_REQUIREMENT_
Reproduce each entry exactly as it reads. Leave the images out.

_RECORDS SHOWN_

- - -

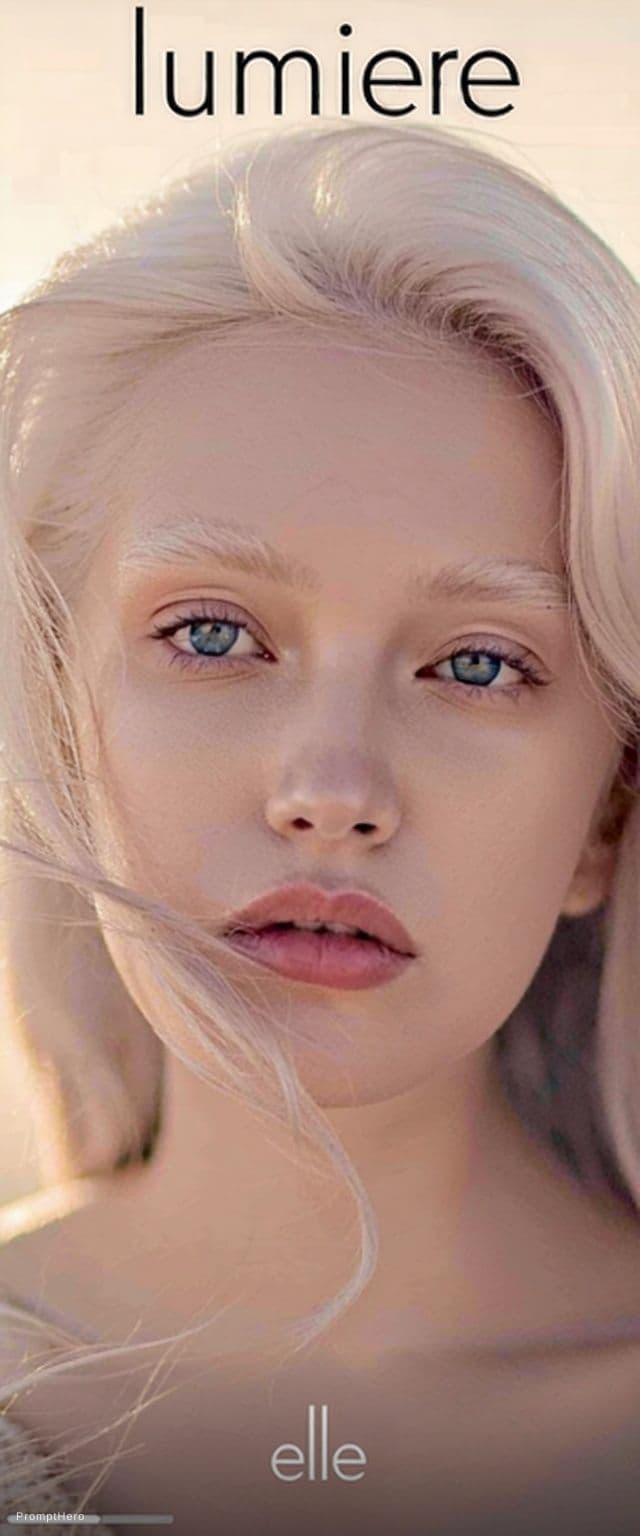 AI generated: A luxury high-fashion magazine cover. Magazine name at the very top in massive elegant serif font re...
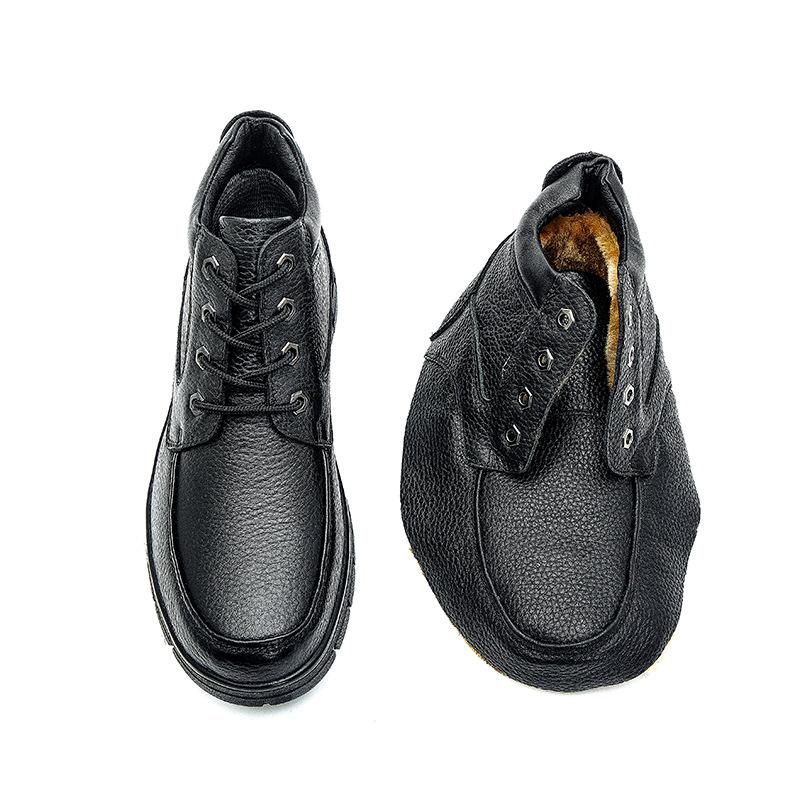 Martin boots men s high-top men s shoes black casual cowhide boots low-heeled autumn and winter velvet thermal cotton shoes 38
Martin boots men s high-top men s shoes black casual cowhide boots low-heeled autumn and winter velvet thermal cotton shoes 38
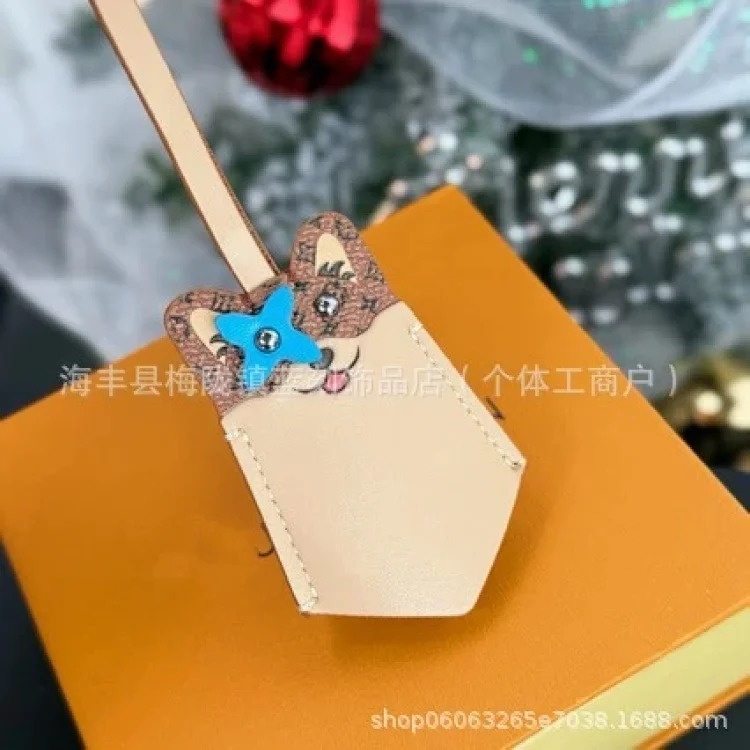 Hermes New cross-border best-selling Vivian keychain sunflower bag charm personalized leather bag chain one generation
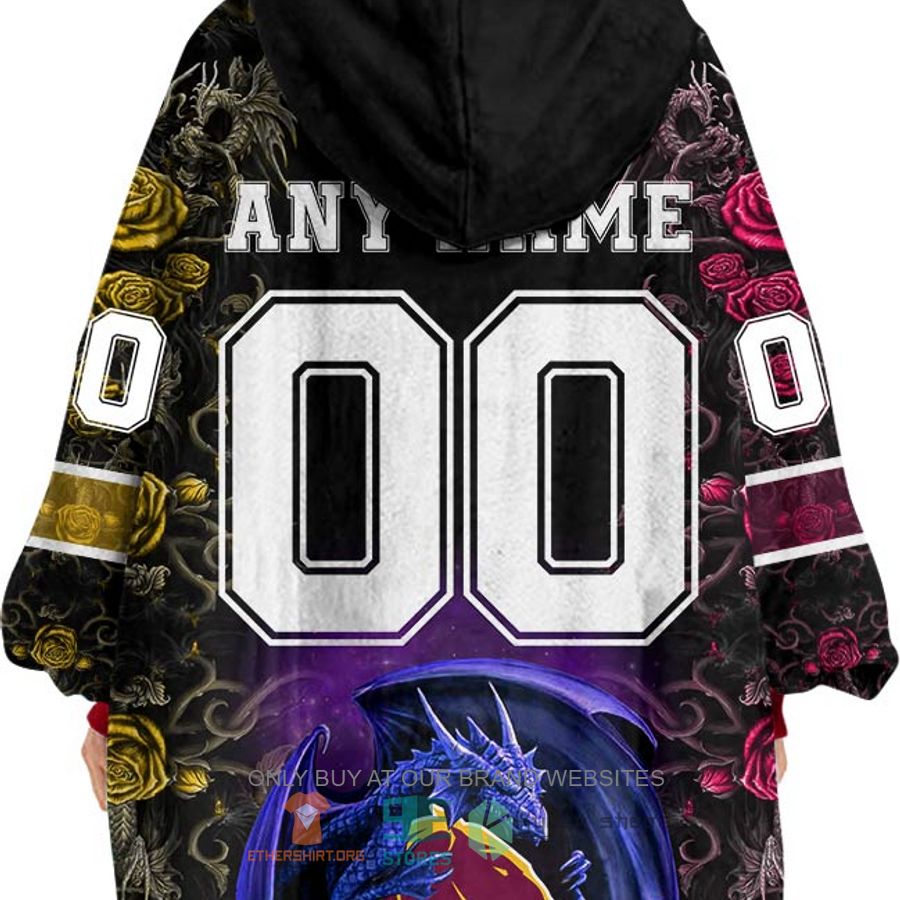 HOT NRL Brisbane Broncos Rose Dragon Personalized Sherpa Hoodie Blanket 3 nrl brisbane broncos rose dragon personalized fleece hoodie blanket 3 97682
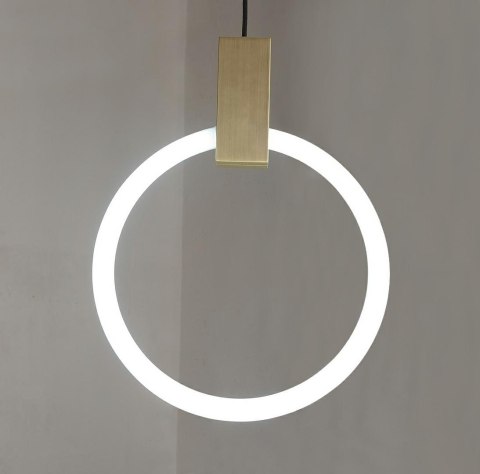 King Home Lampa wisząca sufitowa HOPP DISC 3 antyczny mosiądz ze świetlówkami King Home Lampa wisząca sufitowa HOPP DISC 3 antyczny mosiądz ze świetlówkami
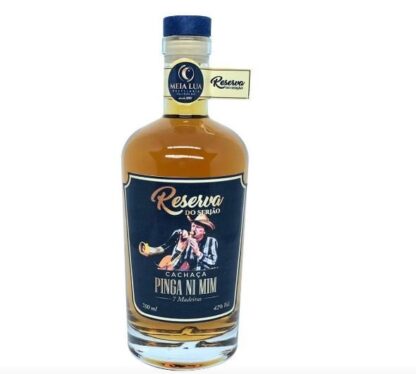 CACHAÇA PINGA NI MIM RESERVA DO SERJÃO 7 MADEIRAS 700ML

- - -

_TASK RESPONSE_
 AI generated: A luxury high-fashion magazine cover. Magazine name at the very top in massive elegant serif font re...
 Martin boots men s high-top men s shoes black casual cowhide boots low-heeled autumn and winter velvet thermal cotton shoes 38
Martin boots men s high-top men s shoes black casual cowhide boots low-heeled autumn and winter velvet thermal cotton shoes 38
 Hermes New cross-border best-selling Vivian keychain sunflower bag charm personalized leather bag chain one generation
 HOT NRL Brisbane Broncos Rose Dragon Personalized Sherpa Hoodie Blanket 3 nrl brisbane broncos rose dragon personalized fleece hoodie blanket 3 97682
 King Home Lampa wisząca sufitowa HOPP DISC 3 antyczny mosiądz ze świetlówkami King Home Lampa wisząca sufitowa HOPP DISC 3 antyczny mosiądz ze świetlówkami
 CACHAÇA PINGA NI MIM RESERVA DO SERJÃO 7 MADEIRAS 700ML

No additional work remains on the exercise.